As you can see from this Github Gist, that Trino Coordinate cannot read the PEM file.... I've tried every way to get it to work that I can think of, and it just doesn't want to do read it correctly. The Trino documentation doesn't have an answer for this, and I really don't know where to go from here.

With this line of code:

http-server.https.included-cipher=TLS_RSA_WITH_AES_256_CBC_SHA256,TLS_RSA_WITH_AES_128_CBC_SHA256,TLS_RSA_WITH_AES_256_CBC_SHA,TLS_RSA_WITH_AES_128_CBC_SHA

I've tried to correctly guess the encryption family from the Trino documentation from:

But after burying my head in the weeds for a while.... I've just hit an impasse. I'm honestly out of my depth here. I cannot figure out if it just doesn't like my encryption method - an RSA 2048 with a SHA-384 using a DH-Param key, or it just cannot understand the format of the fullchain.pem file. Either way, it's not loading correctly, and Trino doesn't understand it.

PenguinzPlays commented 1 year ago

Have you tried filing an issue with the main project yet?

PenguinzPlays commented 1 year ago

I see something else here, and realized I commented on the GIST.

But you should be using these ciphers below:

TLS_ECDHE_ECDSA_WITH_AES_128_GCM_SHA256 TLS_ECDHE_ECDSA_WITH_AES_256_GCM_SHA384 TLS_ECDHE_RSA_WITH_AES_128_GCM_SHA256 TLS_ECDHE_RSA_WITH_AES_256_GCM_SHA384

CBC should never be used, it is a super insecure algo. GCM is the most commonly supported algo by everything including JVM.

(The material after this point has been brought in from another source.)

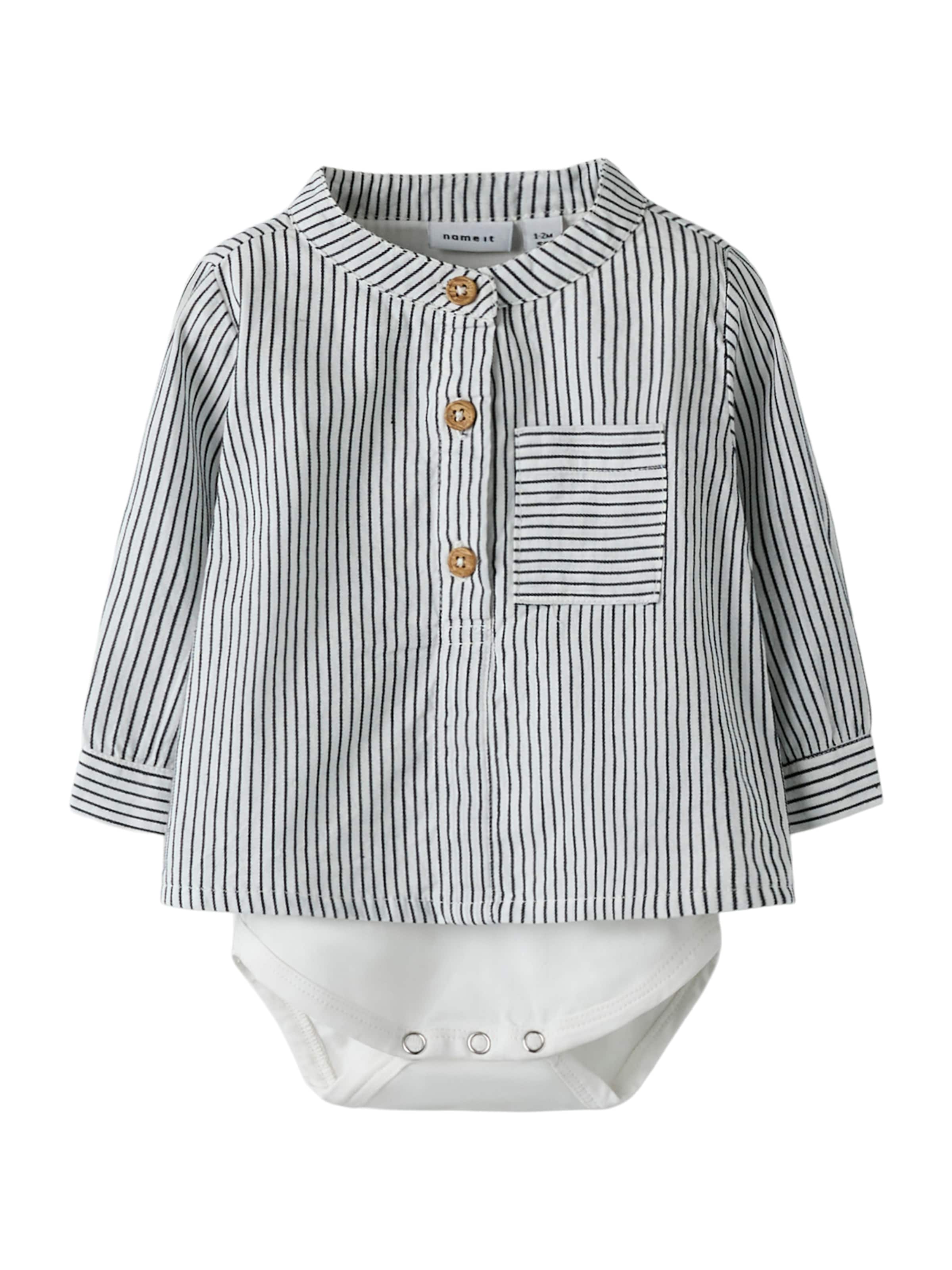 NAME IT Sparkdräkt/body 'NBMFar' i vit: framsida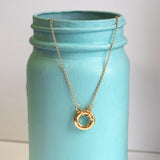 I Refuse To Sink - Endure To The End - Life Preserver Necklace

jdsjdk commented 1 year ago

So I just tried that, and it didn't work. I'm going to create an issue with the Trino team, and see if they can help. The error is the same and no change.

jdsjdk commented 1 year ago

I also updated the Github Gist, with some useful info that might help you. Lemme know what you think.

jdsjdk commented 1 year ago

Hey @PenguinzPlays I have also opened a ticket with The Trino Team as you have suggested. lol Let's get this fixed!!

jdsjdk commented 1 year ago

So if you go to that conversation @PenguinzPlays, I guess you cannot have encrypted PEM keys. I will switch the playbook to a JKS format instead. Please give me a few days for this, thanks again.

PenguinzPlays commented 1 year ago

Drop the encryption requirements for now

jdsjdk commented 1 year ago

:thumbsup:

jdsjdk commented 1 year ago

I'm getting another error now, and it's in the build phase of this - some sort of ansible error. I will address tomorrow.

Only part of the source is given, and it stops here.